++++ Given data ++++

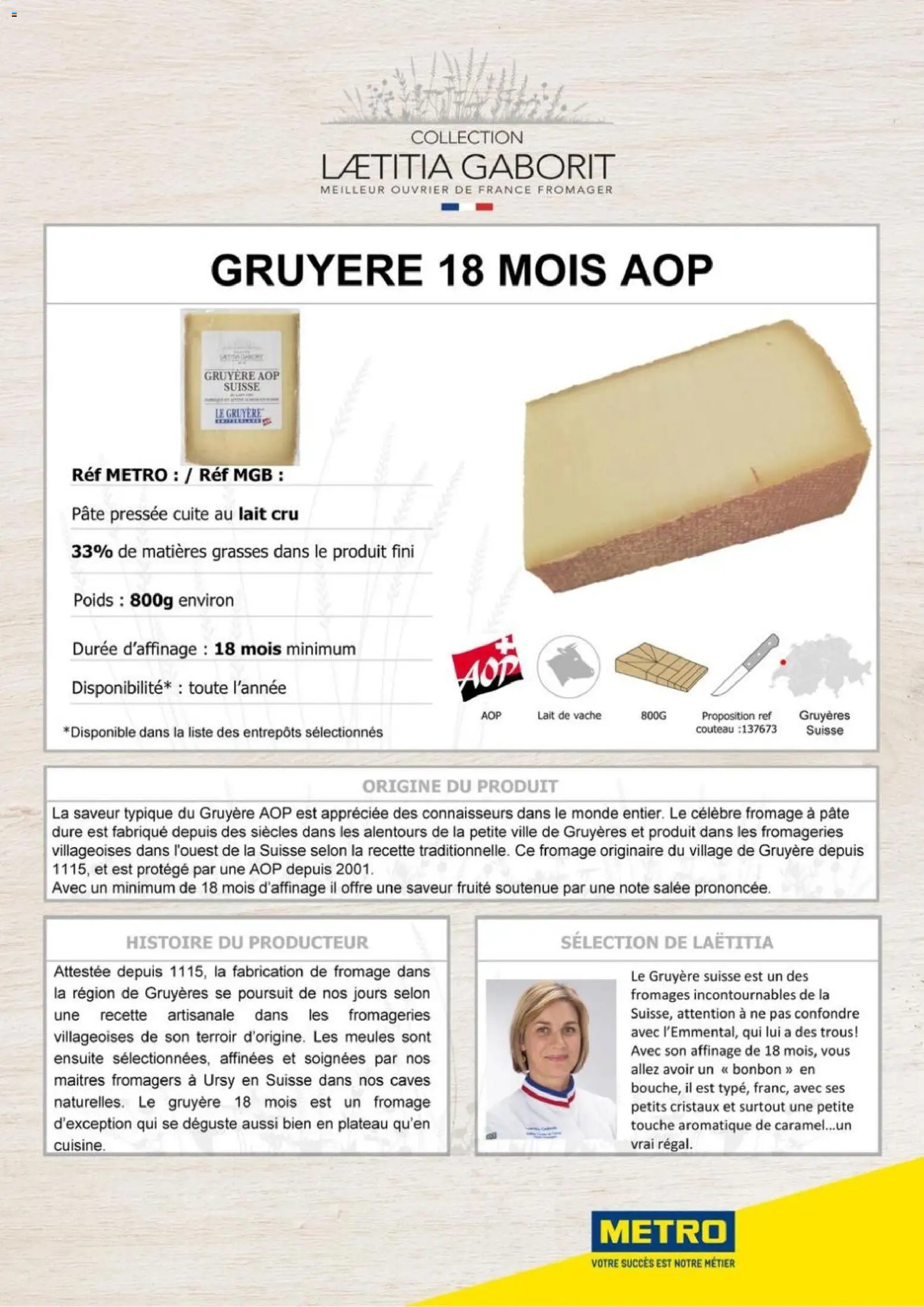 {H1} | Page: 18 | Produits: Couteau, Plateau, Lait, Fromage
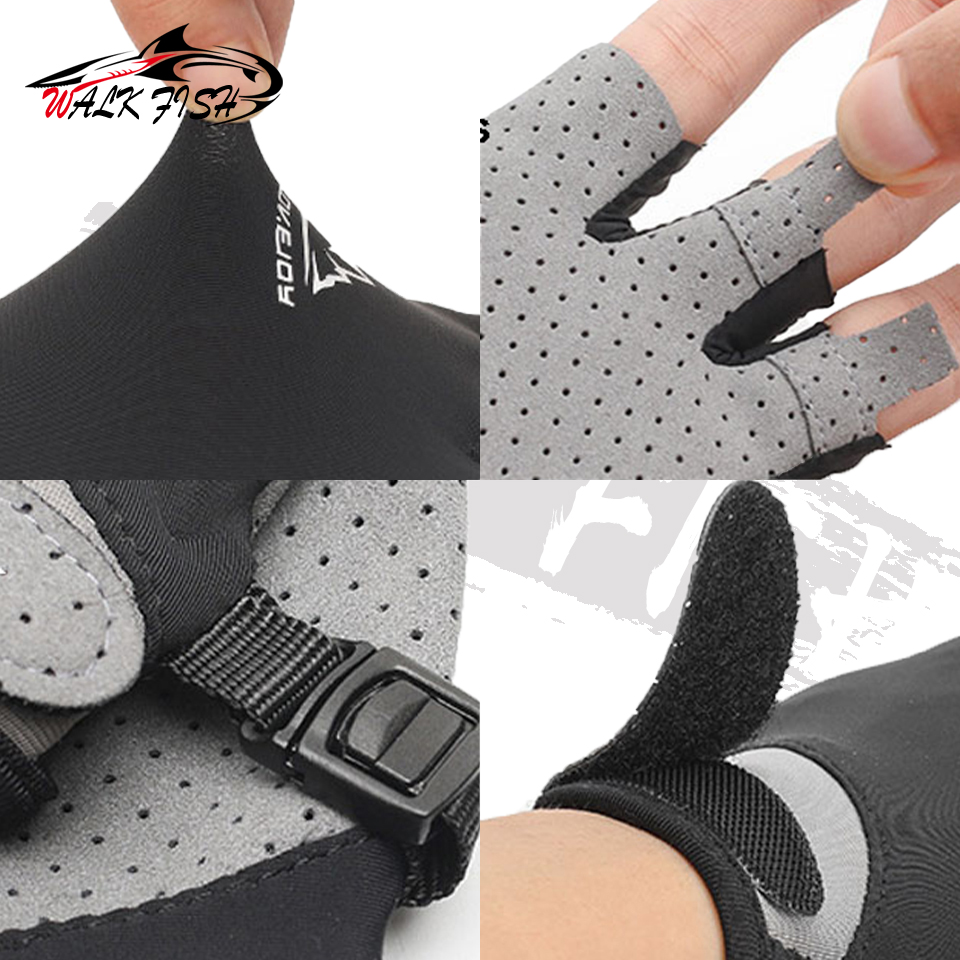 Guantes sin dedos para hombres y mujeres, protección solar UV, guantes de medio dedo para pesca, remo, vela, remo, senderismo, guantes deportivos
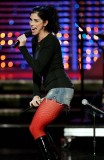 Sarah Silverman. 1x shorts, 2x pantyhose, 3x microphones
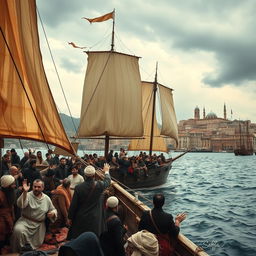 A picturesque yet foreboding scene of ships setting sail from the port of Caffa, with billowing sails catching the wind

++++

Your task: Restate the whole listing above exactly, please, omitting every image.

Exercise answer:
 {H1} | Page: 18 | Produits: Couteau, Plateau, Lait, Fromage
 Guantes sin dedos para hombres y mujeres, protección solar UV, guantes de medio dedo para pesca, remo, vela, remo, senderismo, guantes deportivos
 Sarah Silverman. 1x shorts, 2x pantyhose, 3x microphones
 A picturesque yet foreboding scene of ships setting sail from the port of Caffa, with billowing sails catching the wind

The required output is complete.